Taking care of people only when they have their big heart attack is ridiculously expensive. It is a bit like driving a car and never ever doing maintenance until suddenly it dies on the highway. No oil, tires flat, transmission shot and ran into a tree in the rain because the windshield wiper fluid had been gone for a while. I get to take care of Uncle Alfred. He is 80 and has not seen a doctor for 30 years and is now in the hospital. “But he’s been fine,” says the family. Nope. He has had high blood pressure for years, that has led to heart failure, he has moderate kidney failure, his lungs are shot from smoking, turns out he developed diabetes sometime in the last 30 years and he’s going blind. Can’t hear much either. We have a minor celebration in the ICU because he doesn’t drink, so his liver actually works. He goes home on 8 new medicines.

Secondly: Put out the fire. When someone’s house is burning down, as a society we do not say, well, she didn’t store her paint thinner right or trim her topiary enough and she has too many newspapers stacked up. We go put out the fire. Putting out the fire helps us as a society: it keeps the fire from spreading to other houses. It saves lives and is compassionate. We think firemen and women are heros and heroines. And they are.

In the past, a homeowner would have to pay for fire service and would have a sign on their home. If the house was on fire and a different company was going by, that company wouldn’t put out the fire. We have the equivalent with health insurance right now. It would be much more efficient and less costly to have a single payer. Medicare has a 3-4% overhead: it is a public fund paying private doctors and hospitals. For private insurers the administrative costs are 30% or greater. That is, 1/3 of every dollar of your premium goes to administration, not health care. The VA is a socialized system, with the hospitals owned by the government and the medical personnel paid by them.

When someone asks why they should help someone else, I also know that they haven’t been hit yet. They have not gotten rheumatoid arthritis at age 32 or had another driver run in to them and broken bones or had another unexpected surprise illness or injury that happened in spite of the fact that they don’t smoke, don’t drink, eat right and exercise.
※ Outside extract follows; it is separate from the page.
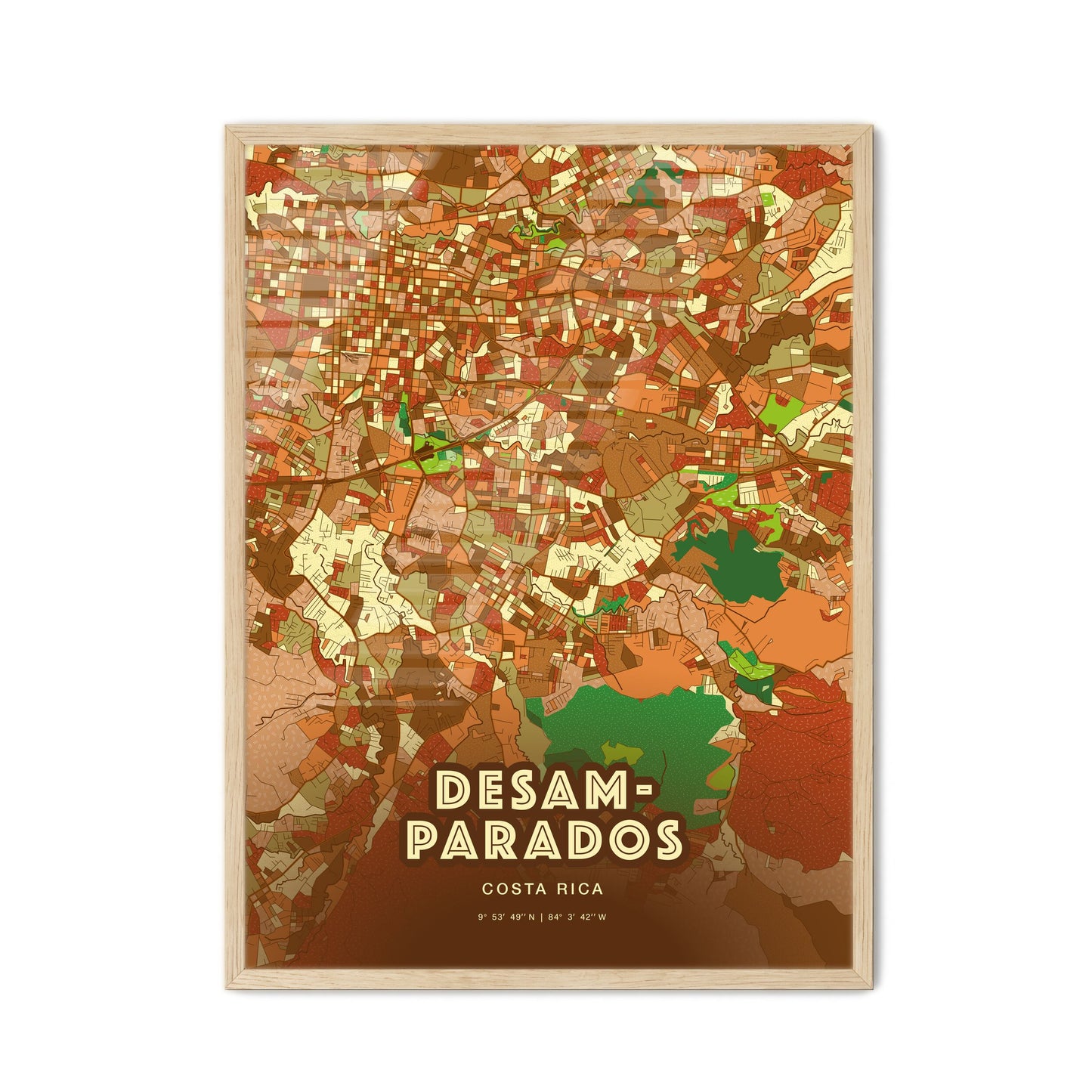 Colorful DESAMPARADOS COSTA RICA Fine Art Map Farmhouse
Everyone has a health challenge at sometime in their life.

Third: people want to get better. Really. In clinic I do not see anyone who doesn’t hope a little that their life could change, that they could lose weight, stop smoking. True, there are some drinkers who are in denial, but I will never forget taking the time to tell a patient why he would die of liver failure if he didn’t stop drinking. He came back 6 weeks later sober. I said, “You are sober!” (We don’t see that response very frequently.) He looked at me in surprise: “You said I’d die if I didn’t stop.” He never drank again. It made it really hard to be totally cynical about alcohol and I can’t do it. People change and there is hope for change. I feel completely blessed to support change in clinic and watch people do it. They are amazing. But they need support and they need someone to listen and they need a place to take their fears and their confusion. Primary care is, in a sense, a job of nagging. But it is also a job of celebration because people do get better.

We are already paying, in an expensive, inefficient and dysfunctional way. It saves money to put out the fire. People want to get better. Winston Churchill said, “Americans always do the right thing after they have exhausted all other possibilities.” It is time to do the right thing. Single payer. The current bill is HR676. We can and we will.